How to discover functions which apply to a given object?

question
#1

This is, at it’s heart, a question related to user experience, particular with an eye toward rapid prototyping.

For me, one of the things which makes Python so great for rapid prototyping is the ability to easily discover functionality without digging through the source code or the documentation. I can create an object A, hit A.<tab>, and I will be presented with a list of all the sorts of things I might want to do with A. The tab-complete and shift-tab lookup in Jupyter makes it possible to get exactly the part of the documentation I need quickly, and tab-complete with decent naming conventions often removes the need for documentation at all.

With Julia, on the other hand, I often feel lost. If I create some object A there is no way for me to know which functions might apply to A or not. I can’t quickly discover what some package writer might have had in mind for me to do with A, I basically have to search through the documentation, if present, or (more often) the source code. This is sort of a side-effect of not having methods that I wasn’t anticipating.

My question: am I missing some functionality within the Jupyter interface which facilitates a similar level of discoverability?

To keep this short, I will go into more detail in a follow up comment.

#2

You can try the methodswith function.

2 Likes
#3

For example, let’s say I create a set:

A = {1,2,3,4,5}

Now suppose I want to take one element off. Even without consulting the documentation, even if I’ve never used a set in Python before, I know that I can probably find what I need by just hitting A.<tab> and Jupyter will suggest all the useful things I might want to do with a set:

image

There are a very reasonable number of items to search through, and from this alone it is clear that what I want is A.pop(). Of course, features which are used often from the standard library become familiar with time, but for third-party packages this discoverability is paramount. For example, using the graph package networkx, I barely had to consult the documentation to figure out how to use it. Here’s a version of how my thought process went:

“Great, looks like networkx can do graphs! Let’s import it.”
image
“Hmm, how to create a graph? Maybe there is a Graph constructor…”
image
“Perfect! Now, let’s see, do I need to pass it anything?”

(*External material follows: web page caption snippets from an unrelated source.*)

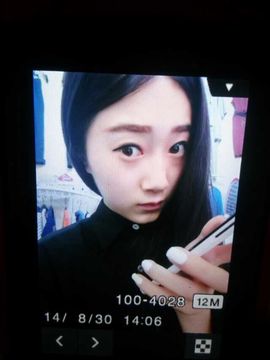 小小依0302主播照片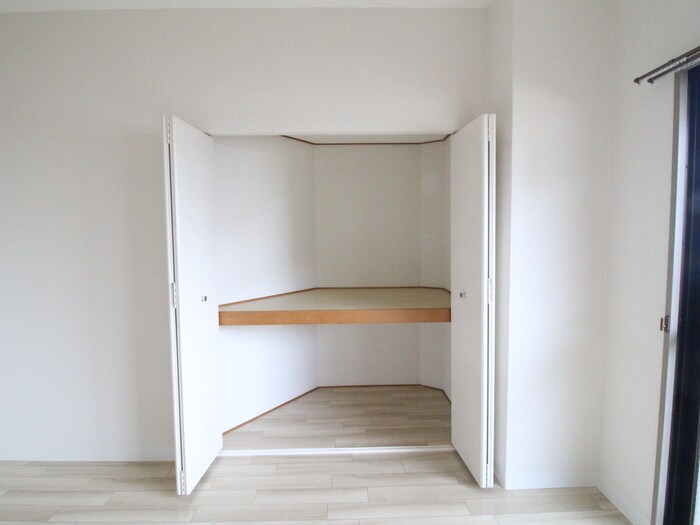 物件内観写真13　(収納)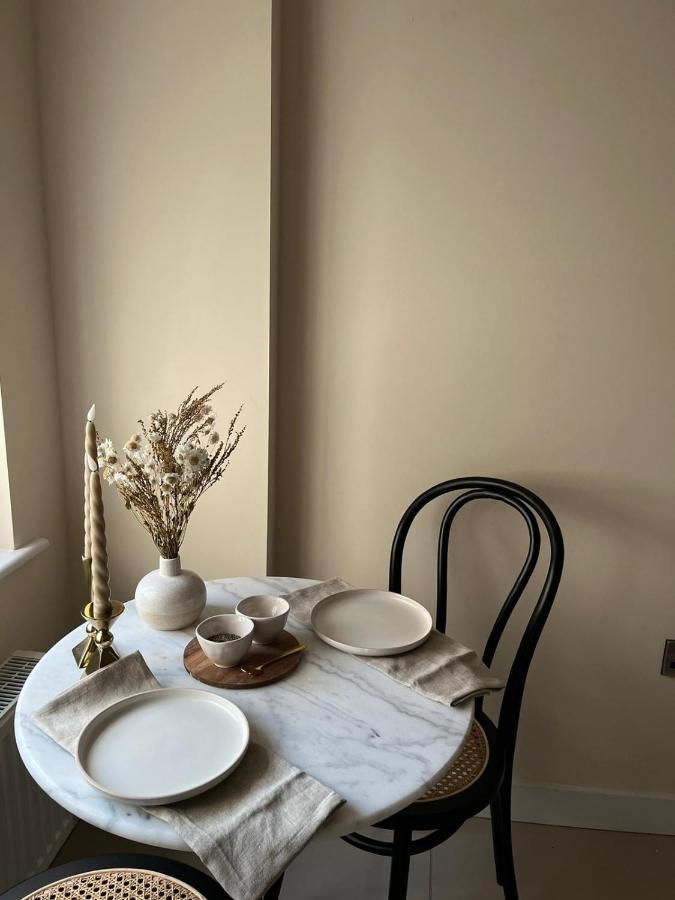 Elegant Apartment On Historic Cobbled High St Shrewsbury Town Centre Exteriér fotografie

“Looks like it’s optional. Quick peek at the examples…”

“OK, so I can create an empty graph and add nodes. Let’s start there…”
image
“OK, now how did I add a node? Was it add_node or addnode or addNode? Let’s check…”
image
“Oh sweet, look at all this stuff I can do! I was going to add nodes one at a time but it looks like I can pass a whole list…”

“Yup, nice! Now how would I go about converting this to a directed graph?”
image
(and so on)

The point is that this was very easy and quick to discover and explore the functionality without consulting the documentation.

With Julia, a side-effect of multi-dispatch is that I never know what functions are intended to apply to a given object. If I make create a set and I don’t remember how to grab an element from it I have to search through the documentation. Even then, there isn’t a section which seems to list “common things you might want to do with sets”, since many of the things you do with sets (count their elements, retrieve a single element) are also done by anything which is a collection, so discoverability has been a challenge.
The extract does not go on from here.